Many people are aware of the concept that their blood group influences their interaction with the environment: intestinal secretions of blood group antigens affect a person’s interaction with foods through being a marker of self recognised by the immune system. Similar to the way that a transfusion of blood from the wrong blood group causes a powerful IgM immune reaction, food lectins can also lead to a reaction (albeit less immunologically strong) by stimulating release of IL4 and IL13 from basophils, potentially leading to type I allergy. [1] Depending on diet, this could result from lectins incompatible with specific blood group glycoproteins, which would create an immune response individual to the person’s blood group: lectins from some foods are used to preferentially agglutinate specific glycoprotein antigens when testing saliva. [2]
Secretor status is under genetic control: 15-20% of people of Western European descent are unable to secrete their blood group antigens due to a homozygous mutation on the fucosyltransferase 2 (FUT2) gene at the rs601338 SNP. The FUT2 (secretor) gene is expressed predominantly in secretory tissues, giving rise to glycoprotein products in mucin secretions. [3] This mutation is rare in Chinese and Japanese populations, and instead the more common homozygous FUT2 rs1047781 missense mutation is responsible for dramatically decreased expression of ABH antigens (partial ABH secretors). [4]
Non-secretor status is associated with immunity to norovirus, [5] higher vitamin B12 levels, [PMID: 18776911] and secretor status also affects phagocytic activity of the leukocytes in a manner that places non-secretors at an advantage from increased activity, [6] in addition to the influence of the ABO blood group on phagocytosis. [7] Many disease risks are also associated with non-secretor status: antigen barrier function favours secretors, the free ABH antigen on the mucosal barriers of ABH secretors acts as an effective anti-adhesive mechanism against ABH specific bacterial fimbriae lectins. [8] Non-secretors may have an increased risk for Crohn’s disease, [9] type 1 diabetes, [10] and vaginal candidiasis. [11]
One way to determine whether a person is a secretor of their blood group is to test their saliva for their ABO blood group antigens.
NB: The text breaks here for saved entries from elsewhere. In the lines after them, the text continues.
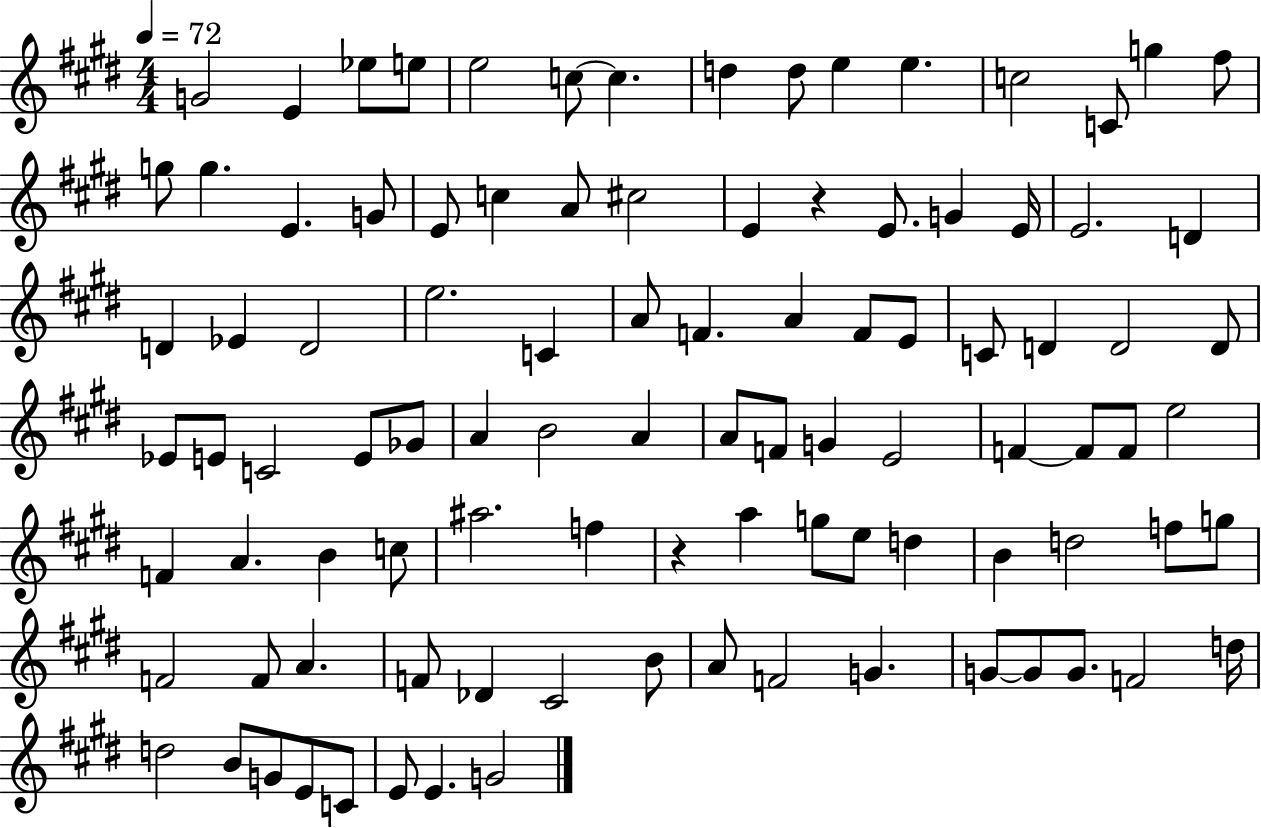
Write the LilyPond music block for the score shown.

{
  \clef treble
  \numericTimeSignature
  \time 4/4
  \key e \major
  \tempo 4 = 72
  g'2 e'4 ees''8 e''8 | e''2 c''8~~ c''4. | d''4 d''8 e''4 e''4. | c''2 c'8 g''4 fis''8 | \break g''8 g''4. e'4. g'8 | e'8 c''4 a'8 cis''2 | e'4 r4 e'8. g'4 e'16 | e'2. d'4 | \break d'4 ees'4 d'2 | e''2. c'4 | a'8 f'4. a'4 f'8 e'8 | c'8 d'4 d'2 d'8 | \break ees'8 e'8 c'2 e'8 ges'8 | a'4 b'2 a'4 | a'8 f'8 g'4 e'2 | f'4~~ f'8 f'8 e''2 | \break f'4 a'4. b'4 c''8 | ais''2. f''4 | r4 a''4 g''8 e''8 d''4 | b'4 d''2 f''8 g''8 | \break f'2 f'8 a'4. | f'8 des'4 cis'2 b'8 | a'8 f'2 g'4. | g'8~~ g'8 g'8. f'2 d''16 | \break d''2 b'8 g'8 e'8 c'8 | e'8 e'4. g'2 | \bar "|."
}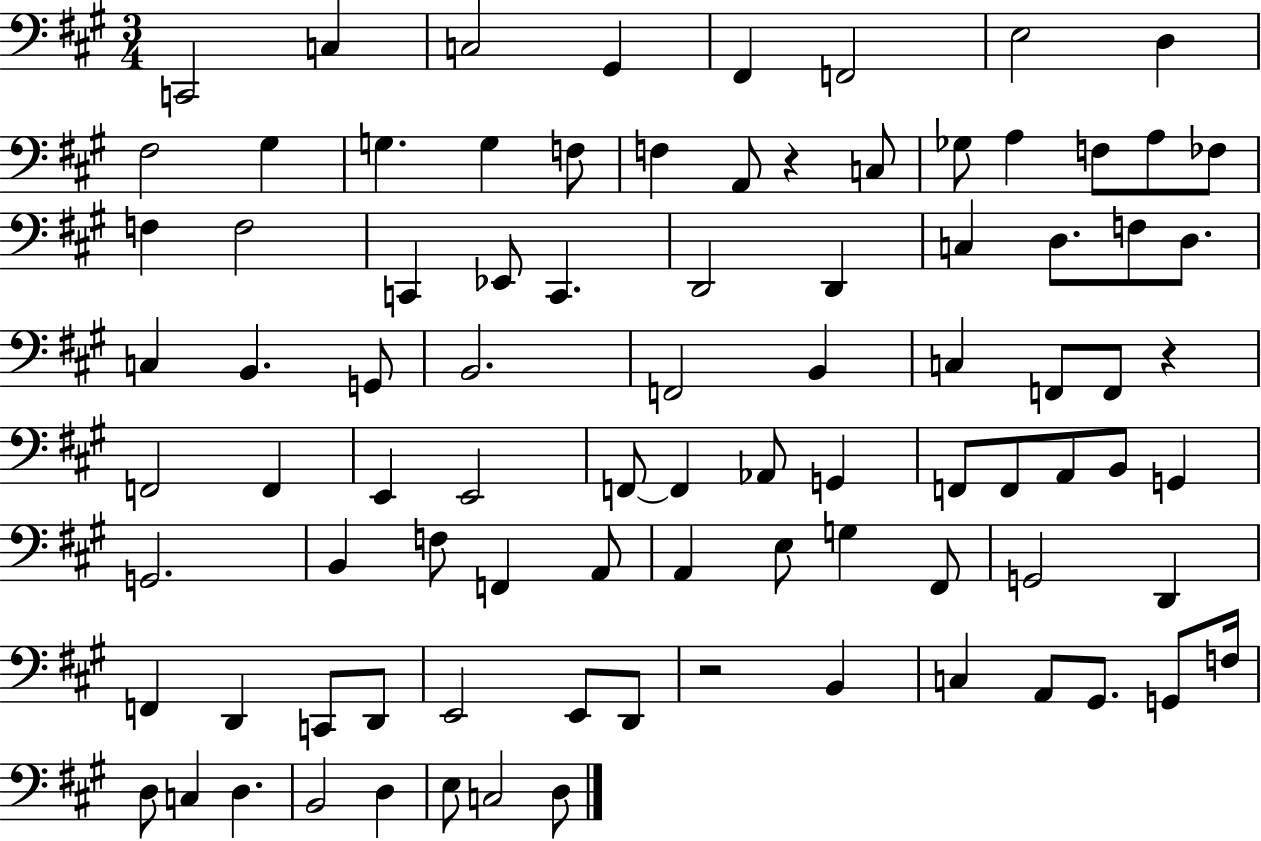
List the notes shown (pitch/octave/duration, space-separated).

C2/h C3/q C3/h G#2/q F#2/q F2/h E3/h D3/q F#3/h G#3/q G3/q. G3/q F3/e F3/q A2/e R/q C3/e Gb3/e A3/q F3/e A3/e FES3/e F3/q F3/h C2/q Eb2/e C2/q. D2/h D2/q C3/q D3/e. F3/e D3/e. C3/q B2/q. G2/e B2/h. F2/h B2/q C3/q F2/e F2/e R/q F2/h F2/q E2/q E2/h F2/e F2/q Ab2/e G2/q F2/e F2/e A2/e B2/e G2/q G2/h. B2/q F3/e F2/q A2/e A2/q E3/e G3/q F#2/e G2/h D2/q F2/q D2/q C2/e D2/e E2/h E2/e D2/e R/h B2/q C3/q A2/e G#2/e. G2/e F3/s D3/e C3/q D3/q. B2/h D3/q E3/e C3/h D3/e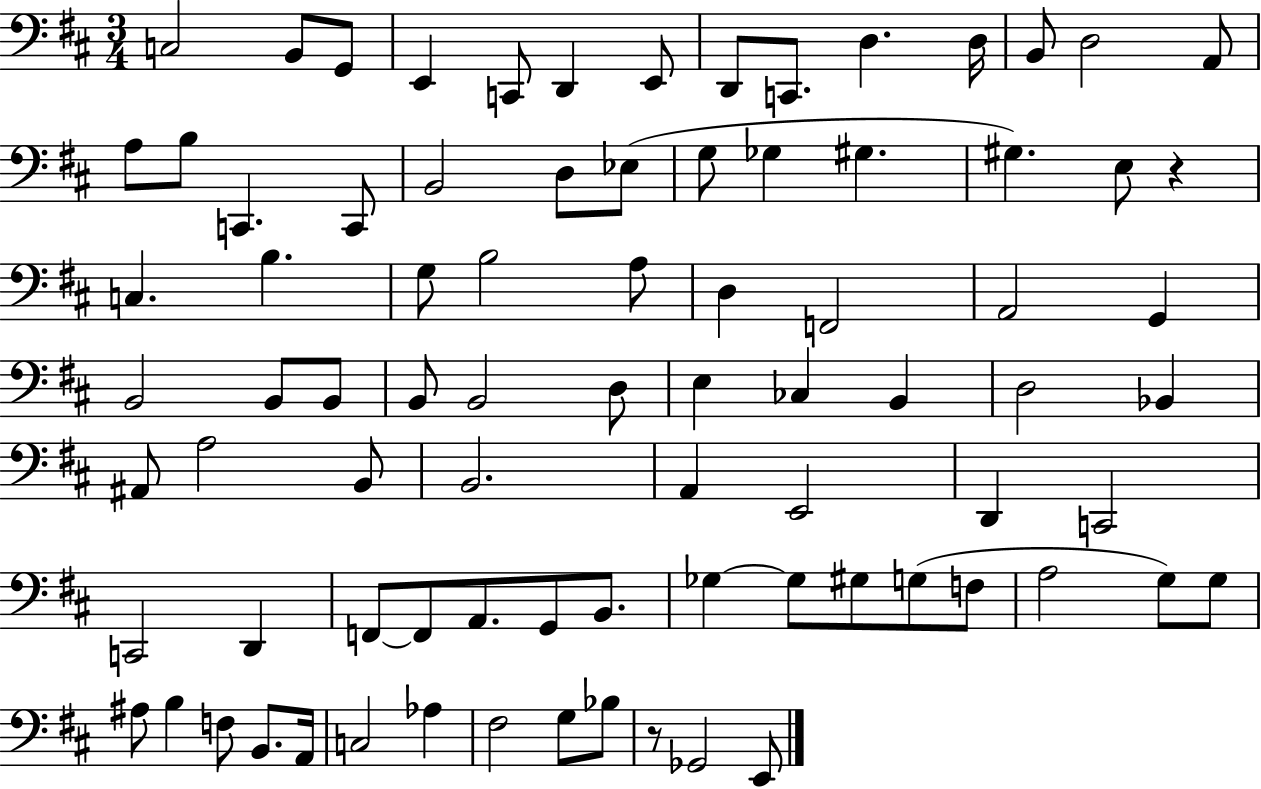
{
  \clef bass
  \numericTimeSignature
  \time 3/4
  \key d \major
  c2 b,8 g,8 | e,4 c,8 d,4 e,8 | d,8 c,8. d4. d16 | b,8 d2 a,8 | \break a8 b8 c,4. c,8 | b,2 d8 ees8( | g8 ges4 gis4. | gis4.) e8 r4 | \break c4. b4. | g8 b2 a8 | d4 f,2 | a,2 g,4 | \break b,2 b,8 b,8 | b,8 b,2 d8 | e4 ces4 b,4 | d2 bes,4 | \break ais,8 a2 b,8 | b,2. | a,4 e,2 | d,4 c,2 | \break c,2 d,4 | f,8~~ f,8 a,8. g,8 b,8. | ges4~~ ges8 gis8 g8( f8 | a2 g8) g8 | \break ais8 b4 f8 b,8. a,16 | c2 aes4 | fis2 g8 bes8 | r8 ges,2 e,8 | \break \bar "|."
}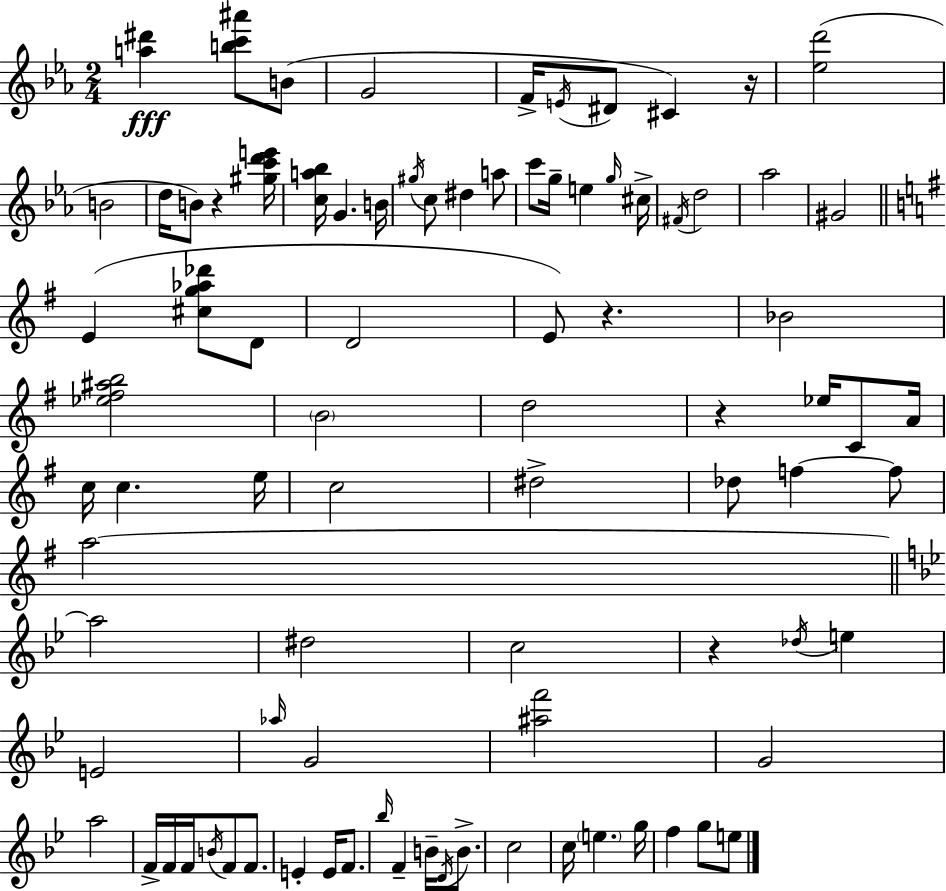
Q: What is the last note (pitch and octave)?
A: E5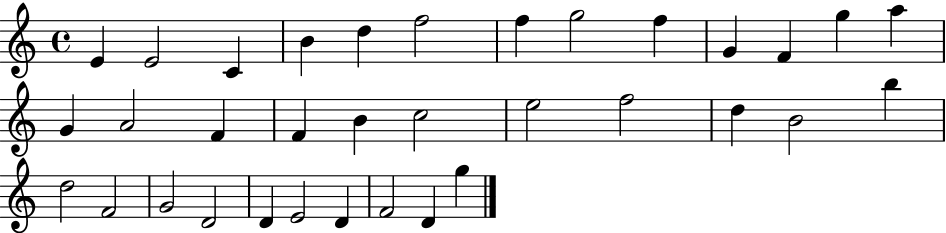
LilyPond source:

{
  \clef treble
  \time 4/4
  \defaultTimeSignature
  \key c \major
  e'4 e'2 c'4 | b'4 d''4 f''2 | f''4 g''2 f''4 | g'4 f'4 g''4 a''4 | \break g'4 a'2 f'4 | f'4 b'4 c''2 | e''2 f''2 | d''4 b'2 b''4 | \break d''2 f'2 | g'2 d'2 | d'4 e'2 d'4 | f'2 d'4 g''4 | \break \bar "|."
}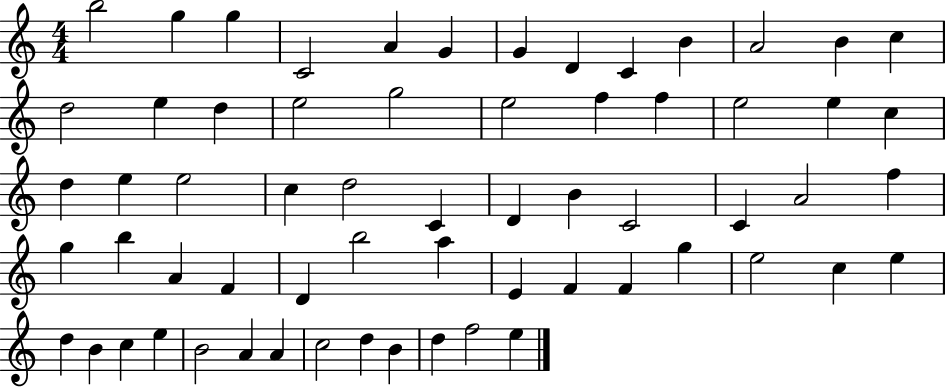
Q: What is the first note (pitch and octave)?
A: B5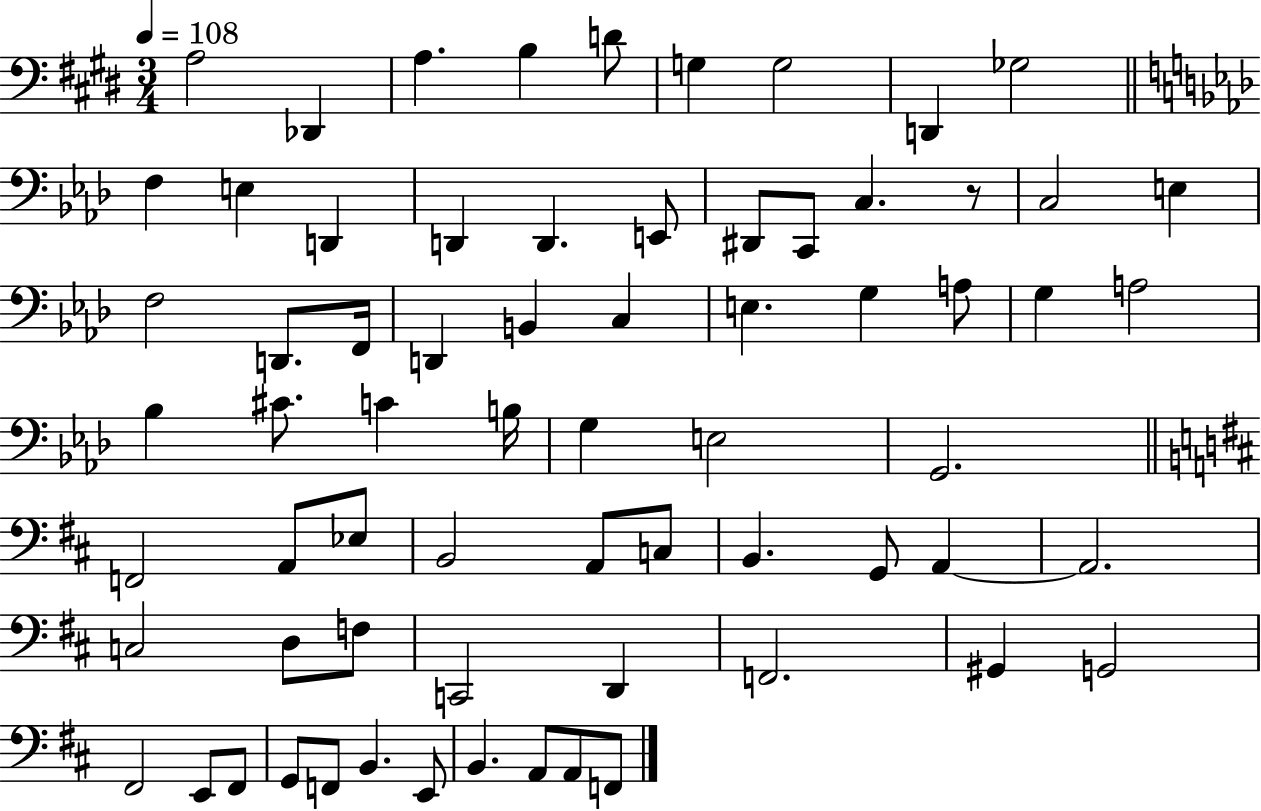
{
  \clef bass
  \numericTimeSignature
  \time 3/4
  \key e \major
  \tempo 4 = 108
  \repeat volta 2 { a2 des,4 | a4. b4 d'8 | g4 g2 | d,4 ges2 | \break \bar "||" \break \key f \minor f4 e4 d,4 | d,4 d,4. e,8 | dis,8 c,8 c4. r8 | c2 e4 | \break f2 d,8. f,16 | d,4 b,4 c4 | e4. g4 a8 | g4 a2 | \break bes4 cis'8. c'4 b16 | g4 e2 | g,2. | \bar "||" \break \key d \major f,2 a,8 ees8 | b,2 a,8 c8 | b,4. g,8 a,4~~ | a,2. | \break c2 d8 f8 | c,2 d,4 | f,2. | gis,4 g,2 | \break fis,2 e,8 fis,8 | g,8 f,8 b,4. e,8 | b,4. a,8 a,8 f,8 | } \bar "|."
}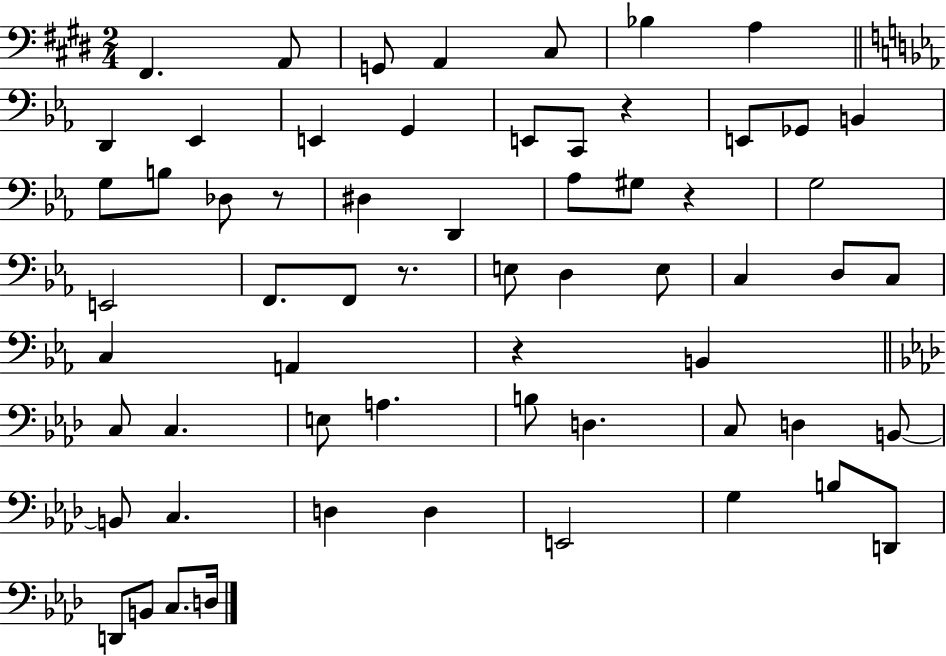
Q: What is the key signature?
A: E major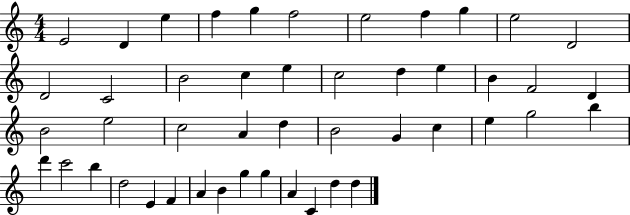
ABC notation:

X:1
T:Untitled
M:4/4
L:1/4
K:C
E2 D e f g f2 e2 f g e2 D2 D2 C2 B2 c e c2 d e B F2 D B2 e2 c2 A d B2 G c e g2 b d' c'2 b d2 E F A B g g A C d d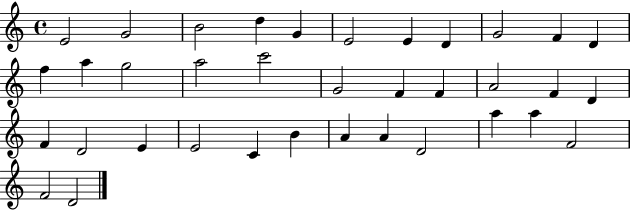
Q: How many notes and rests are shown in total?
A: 36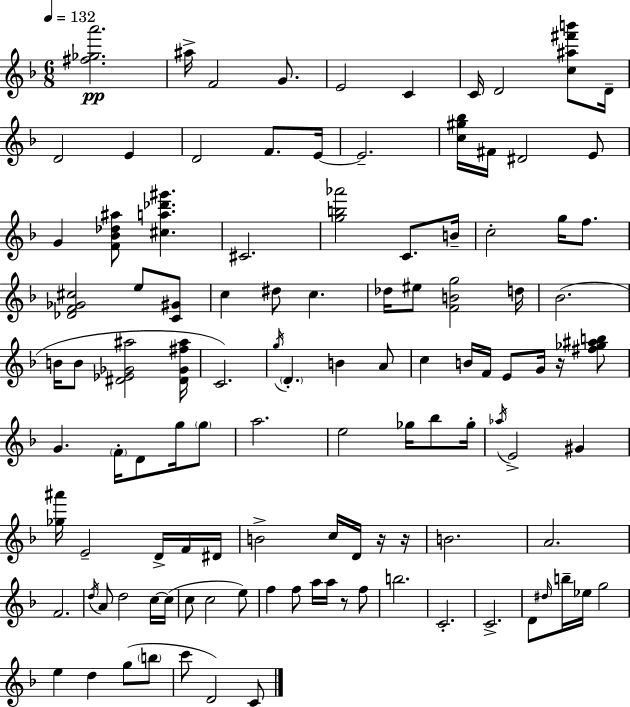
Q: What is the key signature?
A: D minor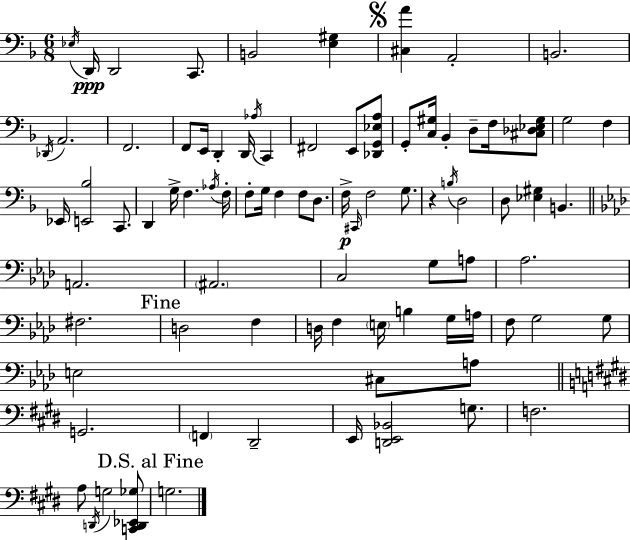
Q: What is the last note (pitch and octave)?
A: G3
This method is not commonly available, as a supply of red blood cells is needed for testing the saliva. Another way to find secretor status is to test for Lewis blood group. The Lewis a (Le a) antigen is normally secreted into the blood and then adsorbed onto red blood cells, [12] where it can be agglutinated with anti-Lewis a reagent. Fucose is a common sugar, found in seaweeds such as fucus vesiculosus (bladderwrack), and also forms the terminal sugar of the H antigen in people with blood group O. Fucosyltransferase enzymes can attach the fucose molecule onto another sugar or glycoprotein through fucosylation, such as that of the blood group A or B antigen or Lewis antigens. If there is a working copy of the FUT2 SNP the Lewis a antigen will be catalysed into Lewis b by the FUT2 enzyme. Consequently those with a functional FUT2 enzyme don’t have any Lewis a antigen on their erythrocytes, but they will have the Lewis b antigen, and therefore a finding of Lewis b on erythrocytes indicates an ABH secretor. The problem arises with the small number of people who don’t have the Lewis blood group antigens on their blood cells. This is similar to the rare ‘Bombay’ blood group, which results in a loss of production of ABH antigens on erythrocytes (from loss of FUT1 function): the fucosyltransferase 1 (FUT1) gene is expressed predominantly in erythroid tissues, giving rise to FUT1 (H enzyme) giving rise to products found on erythrocytes. About 5% of the European population (and more in some other populations) lack a functional fucosyltransferase 3 (FUT3) enzyme. These FUT3 negative people are unable to make any Lewis antigens. They may be either ABH secretors or non-secretors, but the Lewis test cannot be used to determine secretor status due to the lack of any Lewis antigen for agglutination.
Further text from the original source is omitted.